[TASK INPUTS]
-*-

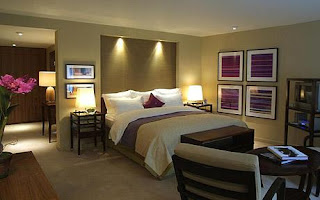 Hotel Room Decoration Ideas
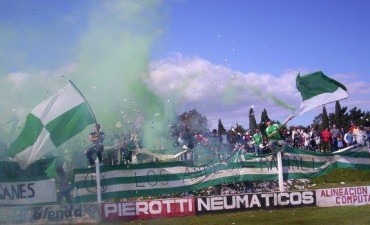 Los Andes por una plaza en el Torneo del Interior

-*-

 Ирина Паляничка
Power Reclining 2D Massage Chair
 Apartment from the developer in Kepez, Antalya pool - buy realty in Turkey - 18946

-*-

[WHAT THE TASK REQUIRES]
Above are some records; copy exactly the lines from the one with "Ирина Паляничка" through the one with "Apartment from the", both included, and no others.

[RESPONSE BOX]
 Ирина Паляничка
Power Reclining 2D Massage Chair
 Apartment from the developer in Kepez, Antalya pool - buy realty in Turkey - 18946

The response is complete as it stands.